Andrew Shennan, Professor of Obstetrics at King’s College London, said: “These antibiotics may still be necessary to prevent serious infections, they should only be avoided if there are suitable alternatives.”

Shennan said women who want to take penicillin during pregnancy should do so as it is safe.

Professor Stephen Evans, Professor of Pharmacoepidemiology at the London School of Hygiene & Tropical Medicine, said the findings of this study should be more a message for “prescribers rather than patients”.
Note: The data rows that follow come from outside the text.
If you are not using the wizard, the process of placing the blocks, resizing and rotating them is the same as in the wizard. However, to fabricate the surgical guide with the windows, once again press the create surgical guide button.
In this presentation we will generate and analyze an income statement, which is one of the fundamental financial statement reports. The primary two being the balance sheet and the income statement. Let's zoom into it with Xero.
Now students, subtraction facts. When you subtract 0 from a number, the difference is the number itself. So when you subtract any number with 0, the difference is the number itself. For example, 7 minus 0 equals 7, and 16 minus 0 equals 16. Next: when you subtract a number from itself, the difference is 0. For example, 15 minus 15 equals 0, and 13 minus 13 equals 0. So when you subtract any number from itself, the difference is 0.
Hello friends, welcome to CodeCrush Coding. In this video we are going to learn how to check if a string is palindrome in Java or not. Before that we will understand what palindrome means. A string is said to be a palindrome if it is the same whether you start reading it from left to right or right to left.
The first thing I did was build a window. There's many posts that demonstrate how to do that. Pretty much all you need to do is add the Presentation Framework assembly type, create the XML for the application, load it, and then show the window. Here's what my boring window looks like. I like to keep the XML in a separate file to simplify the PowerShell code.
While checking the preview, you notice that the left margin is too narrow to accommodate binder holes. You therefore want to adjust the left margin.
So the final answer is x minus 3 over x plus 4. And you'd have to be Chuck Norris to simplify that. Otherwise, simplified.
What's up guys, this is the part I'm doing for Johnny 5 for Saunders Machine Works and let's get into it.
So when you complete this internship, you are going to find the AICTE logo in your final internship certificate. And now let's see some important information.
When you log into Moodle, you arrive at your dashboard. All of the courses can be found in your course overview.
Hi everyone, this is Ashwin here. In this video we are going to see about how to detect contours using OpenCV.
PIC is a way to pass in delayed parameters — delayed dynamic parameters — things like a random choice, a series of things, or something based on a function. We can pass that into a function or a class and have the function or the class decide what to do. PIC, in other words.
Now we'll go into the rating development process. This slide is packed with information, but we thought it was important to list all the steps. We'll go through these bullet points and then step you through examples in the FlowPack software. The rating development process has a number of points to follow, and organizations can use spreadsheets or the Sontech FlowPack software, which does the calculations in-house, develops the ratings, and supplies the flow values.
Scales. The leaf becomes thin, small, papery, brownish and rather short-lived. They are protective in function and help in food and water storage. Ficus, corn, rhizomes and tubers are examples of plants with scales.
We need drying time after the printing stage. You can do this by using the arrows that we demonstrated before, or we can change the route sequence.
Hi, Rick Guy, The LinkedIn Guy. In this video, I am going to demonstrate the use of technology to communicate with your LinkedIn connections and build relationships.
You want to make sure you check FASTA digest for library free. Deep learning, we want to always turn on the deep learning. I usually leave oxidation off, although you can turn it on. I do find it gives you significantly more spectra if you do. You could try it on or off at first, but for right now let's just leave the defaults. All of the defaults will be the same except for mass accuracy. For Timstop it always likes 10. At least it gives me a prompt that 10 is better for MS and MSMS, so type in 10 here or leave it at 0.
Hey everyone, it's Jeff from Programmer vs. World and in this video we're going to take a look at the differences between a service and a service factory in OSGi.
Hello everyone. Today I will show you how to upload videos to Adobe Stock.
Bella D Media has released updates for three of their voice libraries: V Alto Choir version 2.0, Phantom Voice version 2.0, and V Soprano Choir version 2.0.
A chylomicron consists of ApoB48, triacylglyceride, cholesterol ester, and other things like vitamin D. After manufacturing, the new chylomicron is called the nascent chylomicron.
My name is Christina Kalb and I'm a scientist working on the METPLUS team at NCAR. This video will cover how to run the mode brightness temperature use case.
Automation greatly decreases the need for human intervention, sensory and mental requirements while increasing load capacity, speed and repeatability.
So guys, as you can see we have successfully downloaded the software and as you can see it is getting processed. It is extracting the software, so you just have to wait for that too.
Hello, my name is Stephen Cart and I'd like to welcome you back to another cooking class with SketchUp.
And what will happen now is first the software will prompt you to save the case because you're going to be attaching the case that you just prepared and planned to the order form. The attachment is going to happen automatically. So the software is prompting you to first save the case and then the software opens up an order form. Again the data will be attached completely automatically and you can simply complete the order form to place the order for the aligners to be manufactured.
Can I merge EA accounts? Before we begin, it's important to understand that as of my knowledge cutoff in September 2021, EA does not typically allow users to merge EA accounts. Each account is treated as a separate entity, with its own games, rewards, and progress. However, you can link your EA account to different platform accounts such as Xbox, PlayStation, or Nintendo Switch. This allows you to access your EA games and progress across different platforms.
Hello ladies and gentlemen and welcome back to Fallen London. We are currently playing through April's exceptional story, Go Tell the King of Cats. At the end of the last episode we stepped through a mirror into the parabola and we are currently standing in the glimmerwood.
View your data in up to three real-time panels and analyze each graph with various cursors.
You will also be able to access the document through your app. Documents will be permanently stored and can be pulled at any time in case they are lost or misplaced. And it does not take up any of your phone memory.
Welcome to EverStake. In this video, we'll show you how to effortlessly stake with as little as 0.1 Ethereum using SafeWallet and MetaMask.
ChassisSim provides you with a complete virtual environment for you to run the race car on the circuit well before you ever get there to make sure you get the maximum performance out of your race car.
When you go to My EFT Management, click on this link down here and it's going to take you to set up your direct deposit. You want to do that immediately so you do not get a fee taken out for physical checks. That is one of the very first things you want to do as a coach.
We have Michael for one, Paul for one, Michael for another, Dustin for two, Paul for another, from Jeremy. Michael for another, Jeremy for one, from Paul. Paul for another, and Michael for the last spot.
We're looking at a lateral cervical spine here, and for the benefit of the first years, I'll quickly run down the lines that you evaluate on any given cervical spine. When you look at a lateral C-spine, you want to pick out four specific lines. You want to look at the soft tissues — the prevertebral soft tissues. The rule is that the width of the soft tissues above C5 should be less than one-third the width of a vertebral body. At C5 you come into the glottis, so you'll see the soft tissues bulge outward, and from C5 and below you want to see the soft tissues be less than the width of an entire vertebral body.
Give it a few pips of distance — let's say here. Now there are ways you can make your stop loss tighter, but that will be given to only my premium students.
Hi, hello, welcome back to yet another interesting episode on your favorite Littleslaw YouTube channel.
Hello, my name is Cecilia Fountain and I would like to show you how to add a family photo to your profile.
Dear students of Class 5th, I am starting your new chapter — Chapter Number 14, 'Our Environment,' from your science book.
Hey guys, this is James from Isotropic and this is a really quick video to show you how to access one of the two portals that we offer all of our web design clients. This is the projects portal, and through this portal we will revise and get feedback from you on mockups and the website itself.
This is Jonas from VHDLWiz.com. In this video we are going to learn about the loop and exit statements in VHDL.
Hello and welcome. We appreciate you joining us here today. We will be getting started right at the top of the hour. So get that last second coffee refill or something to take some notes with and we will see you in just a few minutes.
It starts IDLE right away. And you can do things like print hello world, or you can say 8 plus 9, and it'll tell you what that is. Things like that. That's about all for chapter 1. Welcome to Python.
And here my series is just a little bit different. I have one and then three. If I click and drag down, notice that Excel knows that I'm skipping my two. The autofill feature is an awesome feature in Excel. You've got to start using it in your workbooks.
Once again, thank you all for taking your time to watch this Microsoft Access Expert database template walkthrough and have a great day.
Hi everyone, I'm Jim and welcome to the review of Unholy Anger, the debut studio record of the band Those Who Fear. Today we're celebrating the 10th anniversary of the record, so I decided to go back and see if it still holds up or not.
“It is already well-known that the prescribing of drugs, including antibiotics, should be done with caution in pregnancy,” he says. “Even if the evidence for harm of macrolides in general is not as strong as these authors suggest, there is no real evidence of absence of harm. Caution is certainly reasonable.”

Dr Sarah Stock, senior clinical lecturer in maternal and fetal medicine at the University of Edinburgh Usher Institute, said: “A study of this type can never definitively prove a drug causes birth defects, but real care is taken with the methods to ensure the findings are robust.

“The study is large and the link between macrolides and birth defects is consistent, making the finding of a small increased risk of some birth defects pretty convincing.

“Using an alternative antibiotic wherever possible in early pregnancy seems sensible. However, if macrolides are the only treatment option, women can be reassured that the absolute risk of a problem is low.”

Dr Pat O’Brien, consultant obstetrician and Vice President of the Royal College of Obstetricians and Gynaecologists agreed that although the study shows a risk, the chance overall is still very unlikely.

“It is important to realise that untreated infections during pregnancy, such as urine and chest infections, can cause harm to both mother and baby, so it’s important that they are treated appropriately,” he says.